[FESTIVAL REVIEW] Boomtown Fair 2016


Boomtown Fair 2016
Hampshire, UK
When: 11th-14th August
Who: Madness, Damien ‘Jr Gong’ Marley, Leftfield
Price: £180 (including camping)

Boomtown Fair is a four-day festival based in Hampshire, UK, and is often referred to as one of the best festivals in the country. An event renowned for pushing genres less commercialised such as drum and bass, gypsy swing, ska and reggae, Boomtown is quite literally a town divided into different districts. Some of the notable areas within Boomtown include ChinaTown, The Wild West, and an all-new bass orientated Sector 6. Boomtown Fair takes place every year, around the beginning to middle of August, and tickets can be yours for £180.

For me personally, and I’m sure for others out there too, the process of getting to a festival is key, and does have some influence on your overall experience. With that in mind, Boomtown has a lot to improve on. Starting with a three hour queue for a shuttle bus, we then had to queue for four more hours, to then be told we were at the wrong gate, even though we had followed the sign’s instructions. We then had to walk all the way to the other side of the festival, nobody knew where anything was, no staff knew where we were supposed to be going, nobody was able to point us in the right direction, and there were no signage, maps or directions. We were turned away from some entrances, told we needed to go back to where we began, then there were issues with our wristbands, it really was a travesty of an experience. In total, it took eight hours to finally get into the festival.

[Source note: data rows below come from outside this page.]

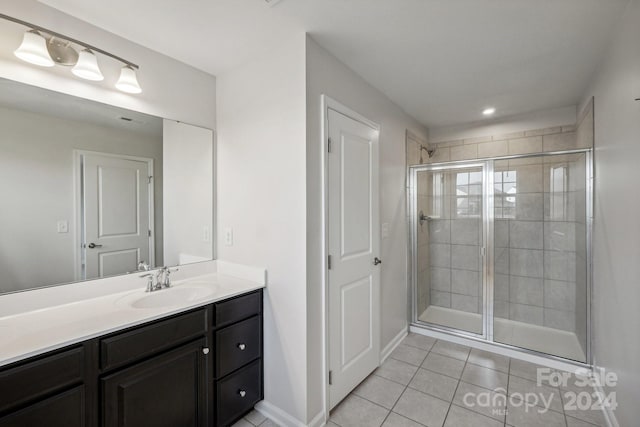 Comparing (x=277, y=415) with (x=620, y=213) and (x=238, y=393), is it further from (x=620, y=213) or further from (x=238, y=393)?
(x=620, y=213)

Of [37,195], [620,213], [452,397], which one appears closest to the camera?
[37,195]

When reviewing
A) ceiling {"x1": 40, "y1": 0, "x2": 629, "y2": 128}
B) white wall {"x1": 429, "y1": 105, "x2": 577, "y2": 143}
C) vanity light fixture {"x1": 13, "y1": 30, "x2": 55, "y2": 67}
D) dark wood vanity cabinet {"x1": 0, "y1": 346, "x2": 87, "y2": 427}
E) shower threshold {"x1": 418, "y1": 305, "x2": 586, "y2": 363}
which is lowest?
shower threshold {"x1": 418, "y1": 305, "x2": 586, "y2": 363}

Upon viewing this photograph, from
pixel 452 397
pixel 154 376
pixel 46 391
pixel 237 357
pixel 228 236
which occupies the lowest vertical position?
pixel 452 397

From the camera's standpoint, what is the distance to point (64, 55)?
1.48 metres

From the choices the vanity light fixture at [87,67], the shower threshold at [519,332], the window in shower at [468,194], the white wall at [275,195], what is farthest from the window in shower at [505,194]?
the vanity light fixture at [87,67]

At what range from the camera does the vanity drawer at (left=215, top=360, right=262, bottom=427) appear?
5.43ft

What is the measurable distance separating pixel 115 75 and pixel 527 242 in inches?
161

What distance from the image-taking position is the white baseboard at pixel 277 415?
1715 millimetres

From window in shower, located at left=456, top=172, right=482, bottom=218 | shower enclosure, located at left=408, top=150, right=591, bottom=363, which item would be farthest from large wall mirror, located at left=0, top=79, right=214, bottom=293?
window in shower, located at left=456, top=172, right=482, bottom=218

A few more hours had passed- I’d had a beer, the tent was pitched, and finally, finally I was able to experience Boomtown. And all my gripes and complaints then disappeared, Boomtown really is as good as everyone says it is.

I’ve simply never seen more of a visual spectacle, never seen so much effort put into the execution of anything quite as intoxicating as Boomtown.The stages themselves, huge in stature, and awe-inspiring in status, are simply incredible, from the rusted and weathered Old Mines which chugs along as you’d expect a real one to, to the towering and neon-coated Palace, which features two huge propaganda-ready screens, and every colour you can imagine.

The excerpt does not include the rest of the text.